Now we will do the same for Attenuation¶
rain_rate = ds['rain_rate'].values
specific_attenuation = ds['specific_attenuation_cband20c'].values
valid_indices_kr = np.where(np.isfinite(rain_rate) & np.isfinite(specific_attenuation) & (rain_rate > 0)) # remove bad values or it will cause iisues
rain_rate = rain_rate[valid_indices_kr]
specific_attenuation = specific_attenuation[valid_indices_kr]
print(f"Min specific_attenuation (dB/km): {min(specific_attenuation)}")
print(f"Max specific_attenuation (dB/km): {max(specific_attenuation)}")
Min specific_attenuation (dB/km): 3.992306665168144e-05
Max specific_attenuation (dB/km): 0.9515843391418457
plt.figure(figsize=(8, 6))
plt.scatter(rain_rate, specific_attenuation, alpha=0.5, color='coral')
plt.xlabel('Rain Rate (mm/hour)')
plt.ylabel('Specific Attenuation C-band (dB/km)')
plt.xscale('log')
plt.yscale('log')
plt.grid(True, which="both", ls="-")
plt.legend()
plt.show()
No artists with labels found to put in legend. Note that artists whose label start with an underscore are ignored when legend() is called with no argument.

log_R_k = np.log10(rain_rate)
log_k = np.log10(specific_attenuation)
coefficients_kr = np.polyfit(log_R_k, log_k, 1) # Linear fit: log(k) =d*log(R) + log(c)
print(f"coefficients_kr (raw from np.polyfit): {coefficients_kr}")
d_coefficient = coefficients_kr[0] # Slope is d
log_c_coefficient = coefficients_kr[1] # Intercept
c_coefficient = 10**log_c_coefficient # Convert to c
print(f"k-R Relationship for C-band (from LDQUANTS data)")
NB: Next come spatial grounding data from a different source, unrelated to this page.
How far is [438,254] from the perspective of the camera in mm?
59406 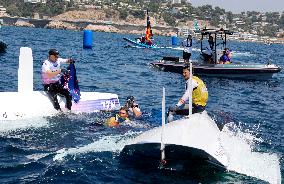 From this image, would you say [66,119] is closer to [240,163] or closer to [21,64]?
[21,64]

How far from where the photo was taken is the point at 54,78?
1708 centimetres

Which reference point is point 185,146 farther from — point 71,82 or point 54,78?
point 71,82

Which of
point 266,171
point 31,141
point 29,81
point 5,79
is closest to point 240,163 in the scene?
point 266,171

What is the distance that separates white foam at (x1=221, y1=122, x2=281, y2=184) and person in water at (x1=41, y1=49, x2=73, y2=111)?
659 cm

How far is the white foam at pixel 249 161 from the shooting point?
11.5 meters

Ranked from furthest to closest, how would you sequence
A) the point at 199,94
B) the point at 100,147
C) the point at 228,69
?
1. the point at 228,69
2. the point at 199,94
3. the point at 100,147

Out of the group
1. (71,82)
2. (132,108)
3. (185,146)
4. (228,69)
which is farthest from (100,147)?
(228,69)

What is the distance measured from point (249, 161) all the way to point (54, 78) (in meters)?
7.65

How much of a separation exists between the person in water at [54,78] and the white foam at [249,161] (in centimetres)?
659

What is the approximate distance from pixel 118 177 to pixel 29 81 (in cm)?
673

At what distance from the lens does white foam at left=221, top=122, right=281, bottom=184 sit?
37.9ft

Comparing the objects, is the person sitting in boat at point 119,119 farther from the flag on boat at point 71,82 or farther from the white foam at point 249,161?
the white foam at point 249,161

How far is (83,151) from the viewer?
42.3 ft

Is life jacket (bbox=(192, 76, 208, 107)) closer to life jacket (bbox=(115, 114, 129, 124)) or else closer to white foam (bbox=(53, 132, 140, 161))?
white foam (bbox=(53, 132, 140, 161)) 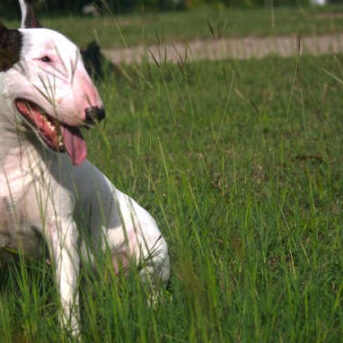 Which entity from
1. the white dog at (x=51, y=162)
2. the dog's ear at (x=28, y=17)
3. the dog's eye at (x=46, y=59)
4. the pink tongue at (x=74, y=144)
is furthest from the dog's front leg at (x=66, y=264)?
the dog's ear at (x=28, y=17)

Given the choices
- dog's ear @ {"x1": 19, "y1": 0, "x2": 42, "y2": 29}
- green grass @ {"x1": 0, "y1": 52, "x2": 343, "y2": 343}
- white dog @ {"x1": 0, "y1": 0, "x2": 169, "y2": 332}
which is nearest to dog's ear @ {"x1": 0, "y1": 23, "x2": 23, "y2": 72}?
white dog @ {"x1": 0, "y1": 0, "x2": 169, "y2": 332}

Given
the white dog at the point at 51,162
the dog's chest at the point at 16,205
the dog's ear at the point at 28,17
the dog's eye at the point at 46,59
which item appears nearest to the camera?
the white dog at the point at 51,162

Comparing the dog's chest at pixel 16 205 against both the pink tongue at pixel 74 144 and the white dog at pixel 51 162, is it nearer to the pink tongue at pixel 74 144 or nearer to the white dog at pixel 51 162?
the white dog at pixel 51 162

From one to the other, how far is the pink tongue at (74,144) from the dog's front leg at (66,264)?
10.1 inches

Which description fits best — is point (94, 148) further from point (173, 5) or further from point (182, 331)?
point (173, 5)

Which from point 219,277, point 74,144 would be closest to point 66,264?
point 74,144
print(f"k = {c_coefficient:.3f} * R**{d_coefficient:.3f}") # k= c * R**d
coefficients_kr (raw from np.polyfit): [ 0.99072717 -2.76246926]
k-R Relationship for C-band (from LDQUANTS data)
k = 0.002 * R**0.991
Let’s check it.
plt.figure(figsize=(8, 6))
plt.scatter(rain_rate, specific_attenuation, alpha=0.5, color='coral')
rain_rate_fit_kr = np.linspace(min(rain_rate), max(rain_rate), 100)
attenuation_fit = c_coefficient * (rain_rate_fit_kr**d_coefficient)
plt.plot(rain_rate_fit_kr, attenuation_fit, color='red',
linewidth=2, label=f'Fitted k-R: k={c_coefficient:.3f}*R**{d_coefficient:.3f}')
plt.ylabel('Specific Attenuation C-band (dB/km)')
plt.title('k-R Relationship derived from LDQUANTS (C-band) data')
plt.xscale('log')
plt.yscale('log')
plt.grid(True, which="both", ls="-")
plt.legend()
plt.xlim(min(rain_rate)*0.8, max(rain_rate)*1.2)
plt.ylim(min(specific_attenuation)*0.8, max(specific_attenuation)*1.2)
plt.show()
Because the one rain event was mainly convective the attenuation relationship was looking better, however it has issues with higher rain rates.